In medieval times, nuns and mystics were confined to tight, enclosed spaces. It has been suggested that enclosure elicited visions.
Sometimes it can feel like that in the projection booth. You’re alone in this dark room with no windows. The hours are brutal. But you’re producing these images, these visions, on the screen.
I learned to project in 2006, when I was a grad student working at the university cinema. The head film tech offered to teach me, and I was so excited. It’s not an easy skill to learn.
I learned through trial and error that summer, which is something you cannot do now that film is so rare. I was given room to make mistakes, like when the soundtrack showed up on-screen because the reel was wound incorrectly.
In 2007, I got my first job as a projectionist, at Anthology Film Archives, and joined New York’s projectionist union, Local 306.
The union was founded in 1913. At its height, in 1950, it had 2,450 members. Its members were considered blue-collar laborers.
When I joined, we still had a healthy membership because all the major multiplexes used film.

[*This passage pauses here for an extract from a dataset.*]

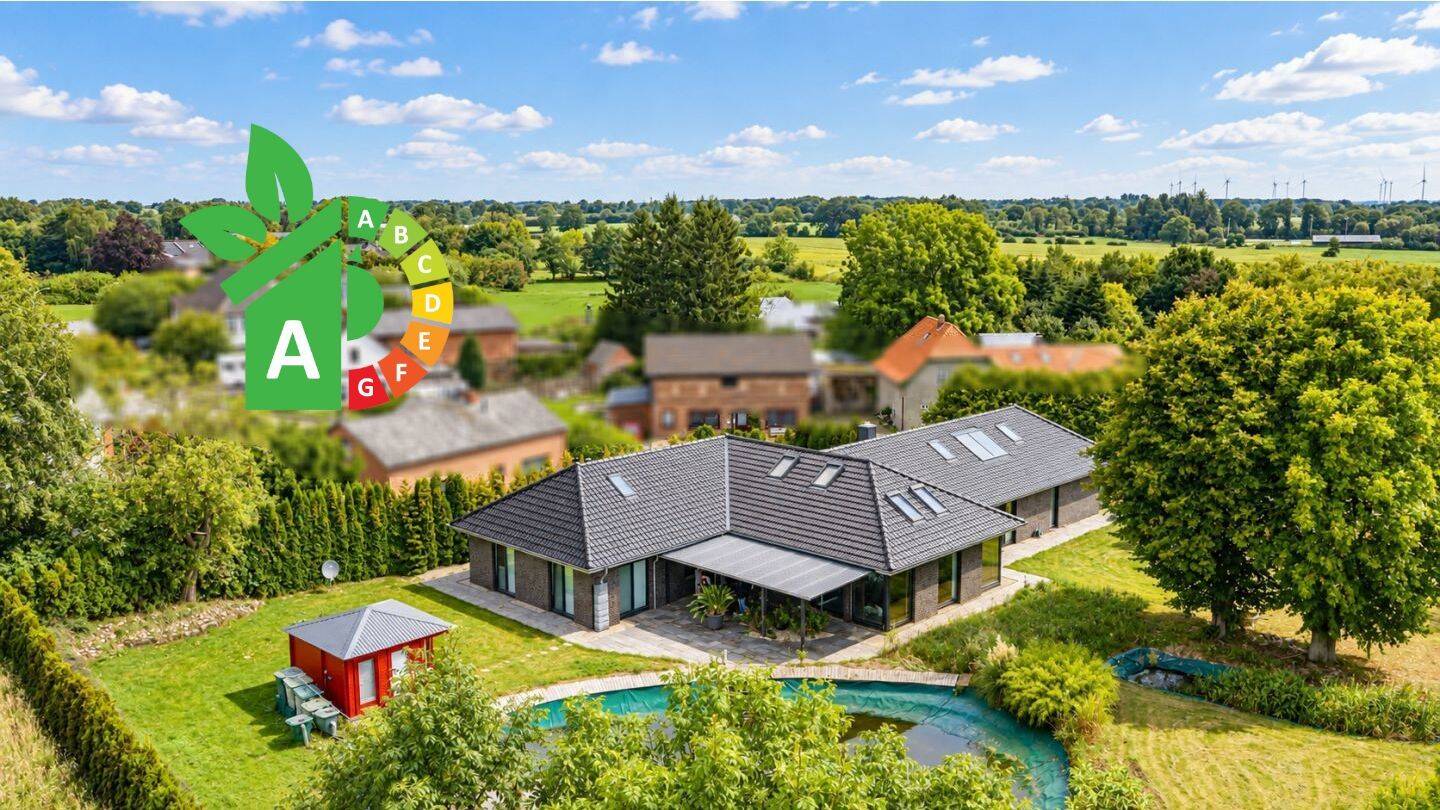 Ein Einfamilienhaus der besonderen Art in Offenbüttel – Luxus, Natur und private Wellnessoase, 25767 Offenbüttel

But between 2010 and 2012, membership decreased dramatically. That was when all the major movie theaters switched to digital projection. Many projectionists lost their jobs, and the art of film projection became an even more specialized skill.
The experience of seeing a film is so ephemeral. It’s hard to comprehend how much of the job is physical.

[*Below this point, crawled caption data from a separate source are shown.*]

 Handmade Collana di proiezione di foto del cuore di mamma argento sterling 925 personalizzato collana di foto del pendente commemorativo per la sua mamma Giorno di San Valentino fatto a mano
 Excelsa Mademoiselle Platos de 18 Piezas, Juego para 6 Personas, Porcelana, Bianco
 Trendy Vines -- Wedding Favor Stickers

Now, all film is considered archival and projectionists are required to do in-depth print inspections. Studios don’t make hundreds of prints of a single film anymore.
I lay the film out on a rewind bench with a little light box, looking for damage.
Celluloid is so beautiful and tactile. It’s heavy and translucent. It can sometimes smell like vinegar. You can see scratches made by previous screenings.
Every time a film is screened, it is damage from an archivist’s perspective, but the point of a print is for it to be shown. I recently projected a series of Hiroshi Shimizu films from the 1930s that the Museum of the Moving Image had shipped from Japan. They had never been shown in the United States, and they could be screened only once. Handling those prints was a beautiful experience.
My specialty is reel-to-reel projection, which most archival films use. Reels can be up to about 20 minutes long, and you need to switch them out throughout the screening. So a two-hour film is usually six reels. It’s very labor-intensive, and you’re tied to the screen, looking for these cue marks that signal when to do these changeovers.
The machine is noisy and fills the whole environment. You can forget yourself. I sometimes feel as if I’m part of the machine. For that reason, it’s rare for me to be moved by a film from the booth, but I’ve had some exceptions.
For example, I screened a collector’s print of David Lynch’s “The Elephant Man,” which I had never seen. It is such a beautiful, moving movie; I remember crying in the booth while I watched it.
I have always had plenty of work as a projectionist in New York, but there’s nowhere else I could do this job.
There are celluloid screenings every day in this city because there are so many arthouse theaters. There’s a community of people who really appreciate the experience of being in a theater.
I am freelancing at museums and theaters now because I started to feel burnout. Working 14-hour days alone in dark booths is exhausting.
I also screen digital, which is its own presentation, skill and technology. You’re ingesting files, building playlists, testing and sometimes reformatting digital content. It still requires a lot of attention to detail and a skilled technician, but it’s a different headspace. You don’t feel as physically connected to the process.
It might be the same movie, but the experience is vastly different, just as it might be for the audience.
You can still have a deeply moving experience, but there’s nothing like celluloid. Celluloid is magic.